冒頭規定の意義
―典型契約論―
冒頭規定の意義 -制裁と「合意による変更の可能性」-(24)
みずほ証券 法務部
浅 場 達 也
Ⅳ 小括
2. 冒頭規定説・契約の拘束力の根拠
冒頭規定については、要件事実論において「冒頭規定説」が説かれることがある。またこれに関連して、契約の拘束力の根拠が「法規」なのかそれとも「合意」なのかが問われることがある。
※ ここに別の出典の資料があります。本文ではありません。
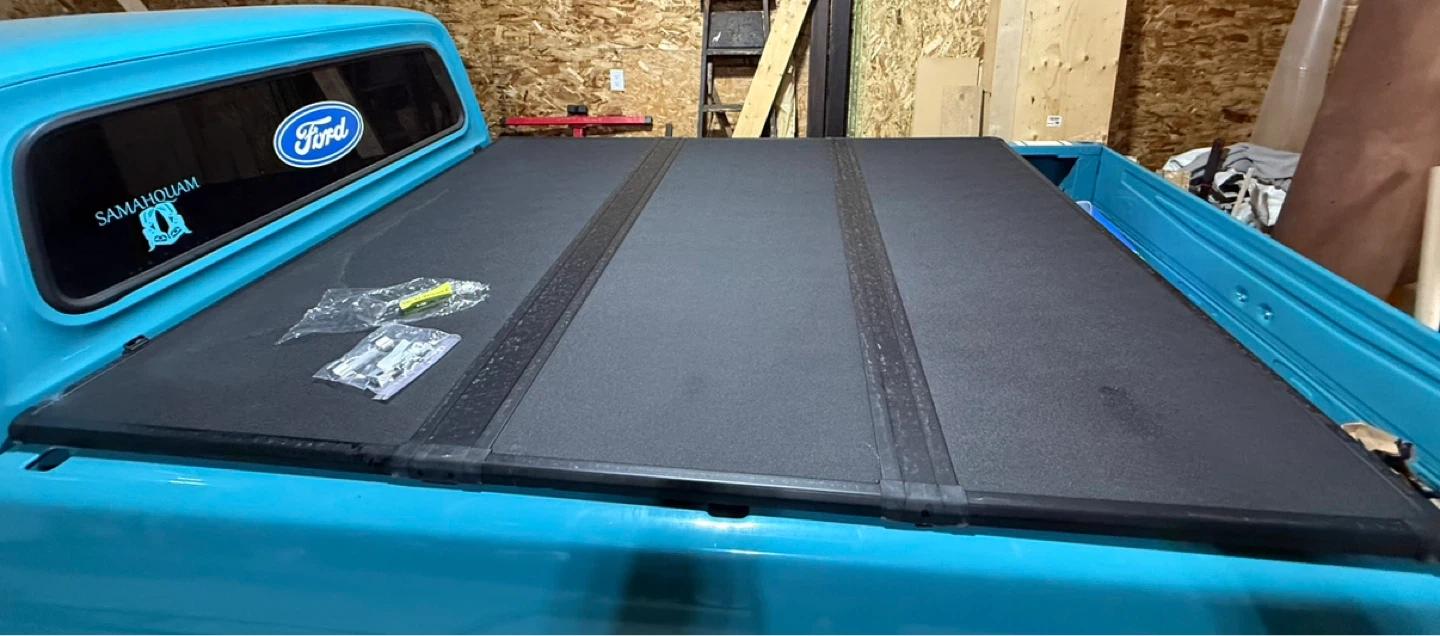 Ford Super Duty Truck Bed Cover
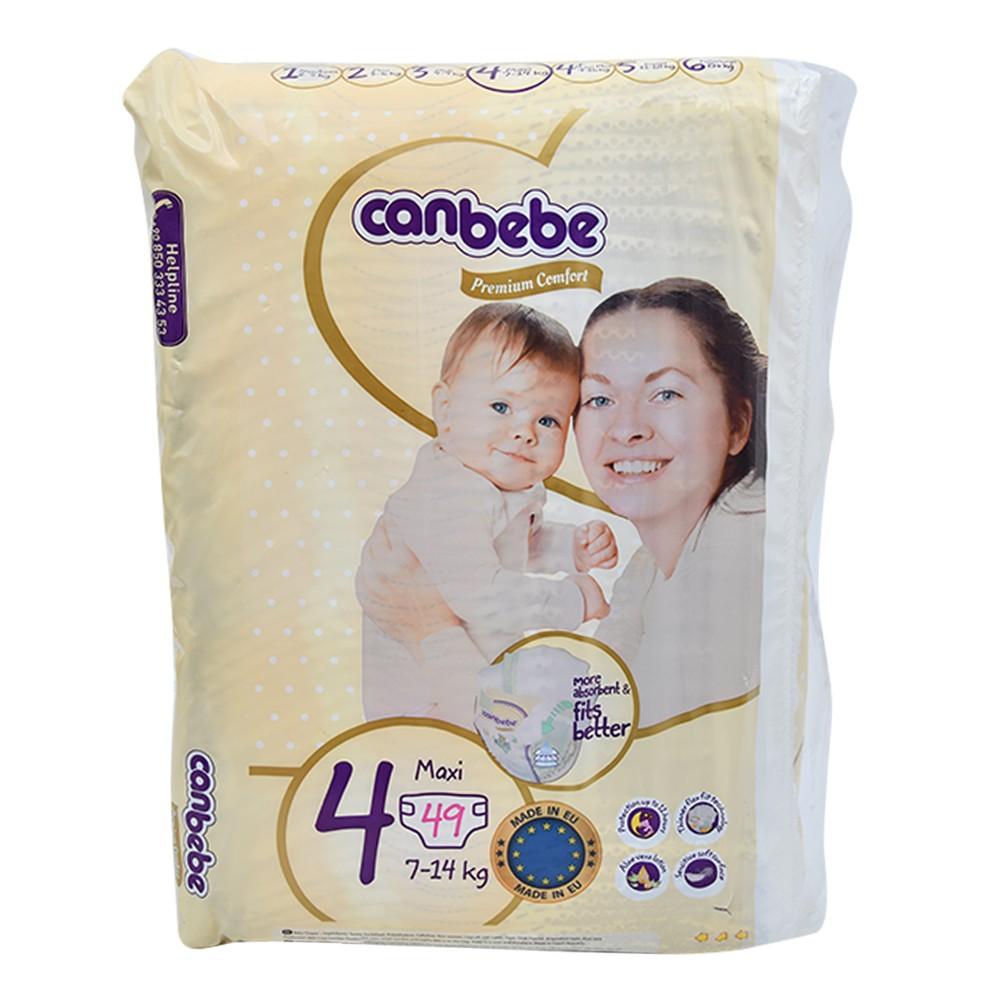 Canbebe Premium Confort Numb 4 49 Diapers - FamiliaList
本稿のこれまでの冒頭規定の意義の検討を踏まえたとき、これらの点がどのように考えられるかについて、以下で検討しよう[1]。
(1) 要件事実論における冒頭規定説
ア 冒頭規定説の内容
まず、「冒頭規定説」の内容についてみてみよう。主張立証責任において、契約に基づき請求をするためには、その契約が典型契約である場合、冒頭規定の成立要件を基礎付ける事実が要件事実となる、とする考え方が「冒頭規定説」である。この考え方は、司法研修所の要件事実教育としての「要件事実論」として知られており[2]、判例はこの立場をとっているとされている[3]。
イ 本稿からのコメント
契約書作成者は、リスク増大の可能性を回避する観点から、多くの場合「冒頭規定の要件に則った」契約書を作成する。このため、契約の成立要件に関する「当事者の合意」の内容は、多くの場合、「冒頭規定の要件に則った」ものとなる(「ポイント(12)」)。この「冒頭規定の要件に則った」という部分をみる限りにおいて、これまで「冒頭規定説」は、実際上妥当な説として継続してきたといえるだろう。
しかしながら、冒頭規定の要件に則らないいわゆる「諾成的消費貸借」が我が国の取引社会において生成されてきたことを考えると、「冒頭規定説」の妥当性には、疑問が投ぜられるだろう。【契約文例3】【契約文例4】【契約文例5】をみると、これら【契約文例】は、消費貸借の冒頭規定(587条)の要件に則っておらず、「契約の成立を示す要件事実」は、冒頭規定の成立を基礎付ける要件事実とは異なっている。契約書作成者は、リスクの増大が許容範囲内であり、かつ、得られる利点・メリットが十分に大きい場合、冒頭規定の要件を変更することがある(「ポイント(6)」)。そして、合意により冒頭規定の要件が変更された場合、変更後の合意内容を基礎付ける事実を要件事実と考える必要がある。変更後の「合意内容」を考える点で、それはむしろ(冒頭規定説でなく)「合意説」と呼ぶべき考え方といえるだろう。(「ポイント(12)」で示したように、結果的に「冒頭規定の要件に則った」場合でも、それは、冒頭規定の要件に則るという「合意」をしたからであるということになる(この点において、以下の契約の拘束力の根拠としての「合意説」に繋がるので、留意が必要である)。)
[1] 近時、「冒頭規定説」を(要件事実論の学説としてでなく、)契約の拘束力の根拠とする考え方が示されている(山本敬三・前掲第11回注[5] 『民法講義Ⅳ-1 契約』20頁)。呼称として、より適切であると考えられるが、ここでは、「冒頭規定説」を要件事実論の中の説とする従来の考え方(村田渉「要件事実論の課題――学会論議に期待するもの」ジュリ1290号(2005)38頁、石川博康「典型契約冒頭規定と要件事実論」大塚直ほか編著『要件事実論と民法学との対話』(商事法務、2005)124頁を参照)に従う。
[2] 司法研修所編『増補 民事訴訟における要件事実 第1巻』(法曹会、1998)44頁を参照。冒頭規定説に対する考え方として、「返還約束説」が挙げられるが、現在ではほとんど支持を失っているとされる。(石川・前掲注[1] 126頁を参照。)